Finetune the base 64 px GLIDE-text2im model from OpenAI on your own image-text dataset

Overview

glide-finetune

Finetune the base 64 px GLIDE-text2im model from OpenAI on your own image-text dataset.

Installation

git clone https://github.com/afiaka87/glide-finetune.git
cd glide-finetune/
python3 -m venv .venv # create a virtual environment to keep global install clean.
source .venv/bin/activate
(.venv) # optionally install pytorch manually for your own specific env first...
(.venv) python -m pip install -r requirements.txt

Usage

(.venv) python glide-finetune.py 
    --data_dir=./data \
    --batch_size=1 \
    --grad_acc=1 \
    --guidance_scale=4.0 \
    --learning_rate=2e-5 \
    --dropout=0.1 \
    --timestep_respacing=1000 \
    --side_x=64 \
    --side_y=64 \
    --resume_ckpt='' \
    --checkpoints_dir='./glide_checkpoints/' \
    --use_fp16 \
    --device='' \
    --freeze_transformer \
    --freeze_diffusion \
    --weight_decay=0.0 \
    --project_name='glide-finetune'

Known issues:

  • batching isn't handled in the dataloader
  • NaN/Inf errors
  • Resizing doesn't handle non-square aspect ratios properly
  • some of the code is messy, needs refactoring.
Comments
  • Fixed a couple of minor issues

    Fixed a couple of minor issues

    • Pinned webdataset version to work with python 3.7 which is the version being used in Colab, Kaggle. A new version of this module is releaed few days back which only works with 3.8/9
    • Fixed an issue with data_dir arg not getting picked up.
    opened by vanga 1
  • Fix NameError when using --data_dir

    Fix NameError when using --data_dir

    Hello and thank you for your great work.

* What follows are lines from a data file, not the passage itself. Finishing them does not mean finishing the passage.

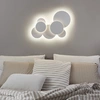 Image de Plafonnier moderne Nuage Métal Blanc Led 46W 3000K Lumière Chaude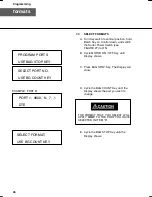 Preview for 56 page of De La Rue MACH 6 User Manual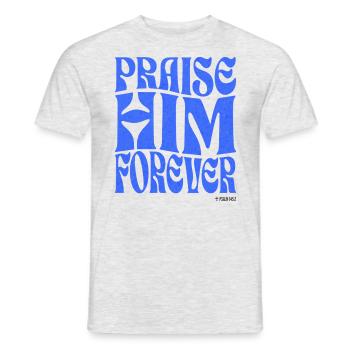 Christianity Christian Bible Verse - Men's T-Shirt - heather grey - Front - AI Model Male 178 dark (178cm)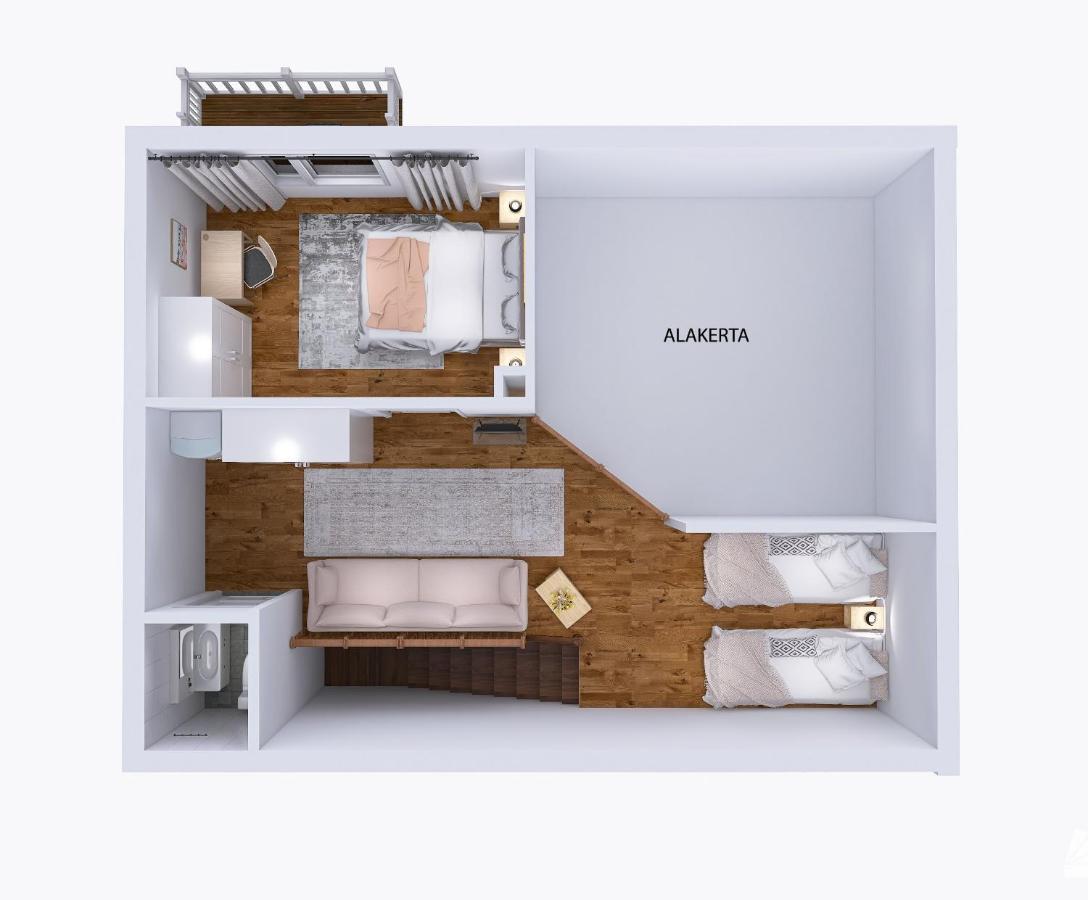 레비 Alppitaehti, Huoneisto Hilla 아파트 외부 사진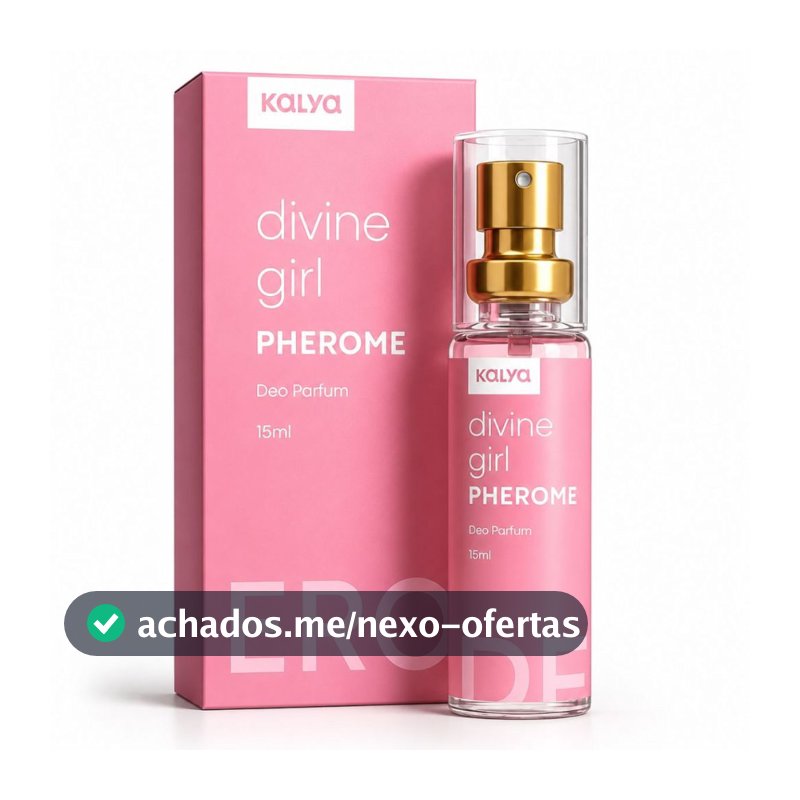 Perfume Feminino Divine Girl Ativa Sedução Atrai Agarra Seduz Floral Amadeirada Kalya Perfume Bolsa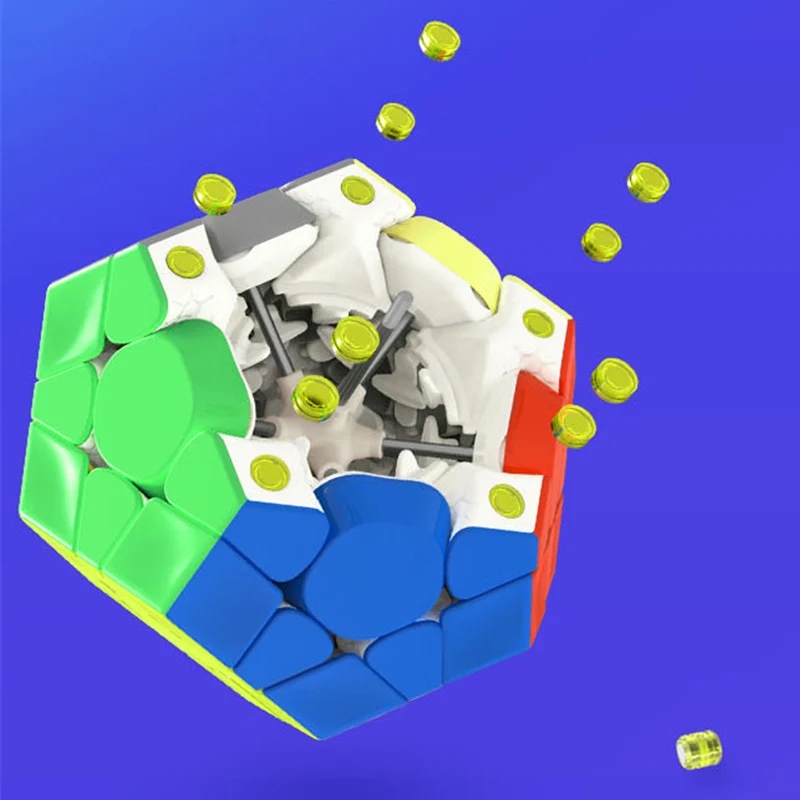 GAN 3x3 Магнитный кубик рубика 3x3x3 Кубик Megaminx 3 слоя скоростной куб профессиональные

    Right now using a local data folder with --data_dir results in

    Traceback (most recent call last):
      File "/content/glide-finetune/train_glide.py", line 292, in <module>
        data_dir=data_dir,
    NameError: name 'data_dir' is not defined
    

    This PR fixes that.

    opened by tillfalko 0
  • mention mpi4py dependency

    mention mpi4py dependency

    mpi4py installation will fail unless the user has this package installed. Since MPI is not a ubiquitous dependency it should probably be mentioned. Edit: Since torch==1.10.1 is a requirement, and torch versions come with their own cuda versions (torch 1.10.1 uses cuda 10.2), I don't see a reason not to just include bitsandbytes-cuda102 in requirements.txt.

    $ py -m venv .venv
    $ source .venv/bin/activate
    $ pip install torch==1.10.1
    Collecting torch==1.10.1
      Downloading torch-1.10.1-cp39-cp39-manylinux1_x86_64.whl (881.9 MB)
         |████████████████████████████████| 881.9 MB 15 kB/s
    Collecting typing-extensions
      Downloading typing_extensions-4.0.1-py3-none-any.whl (22 kB)
    Installing collected packages: typing-extensions, torch
    Successfully installed torch-1.10.1 typing-extensions-4.0.1
    $ py -c "import torch; print(torch.__version__)"
    1.10.1+cu102
    
    opened by tillfalko 0
  • Fixed half precision optimizer bug

    Fixed half precision optimizer bug

    Problem

    In half precision, after the first iteration nan values start appearing regardless of input data or gradients since the adam optimizer breaks in float16. The discussion for that can be viewed here.

    Solution

    This can be fixed by setting the eps variable to 1e-4 instead of the default 1e-8. This is the only thing this pr does

    opened by isamu-isozaki 0
  • Training on half precision leads to nan values

    Training on half precision leads to nan values

    I was training my model and I noticed that after just the first iteration I was running into nan values. As it turns out my gradients and input values/images were all normal but the adam optimizer by pytorch does has some weird behavior on float16 precision where it produces nans probably because of a divide by 0 error. A discussion can be found below

    https://discuss.pytorch.org/t/adam-half-precision-nans/1765/4

    I hear changing the epison parameter for the adam weights parameter when on half precisions works but I haven't tested it yet. Will make one once I tested.

    And also let me say thanks for this repo. I wanted to fine tune the glide model and this made it so much easier.

    opened by isamu-isozaki 1
  • Where is the resume_ckpt

    Where is the resume_ckpt

    Hi, thanks for your job.

    I noticed to finetune the glide, we should have a base_model, namely "resume_ckpt". --resume_ckpt 'ckpt_to_resume_from.pt'
    Where can we get this model? Because I find Glide also didn't provide any checkpoint. Thanks for your help.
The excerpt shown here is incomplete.